TASK ITEM: Each line from the one containing "Poppy Puppy" to the final line of the listing below must be transcribed exactly; all others are left out.
═══ SUPPLIED RECORDS ═══
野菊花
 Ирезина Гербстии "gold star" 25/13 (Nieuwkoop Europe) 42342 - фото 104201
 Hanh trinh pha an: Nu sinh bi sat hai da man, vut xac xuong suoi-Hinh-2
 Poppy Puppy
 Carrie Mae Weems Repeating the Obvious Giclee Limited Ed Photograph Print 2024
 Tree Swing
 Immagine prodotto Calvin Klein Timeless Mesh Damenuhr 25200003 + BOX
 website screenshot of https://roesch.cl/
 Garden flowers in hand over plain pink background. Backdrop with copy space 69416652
═══
SOLUTION TO THE PROBLEM:
 Poppy Puppy
 Carrie Mae Weems Repeating the Obvious Giclee Limited Ed Photograph Print 2024
 Tree Swing
 Immagine prodotto Calvin Klein Timeless Mesh Damenuhr 25200003 + BOX
 website screenshot of https://roesch.cl/
 Garden flowers in hand over plain pink background. Backdrop with copy space 69416652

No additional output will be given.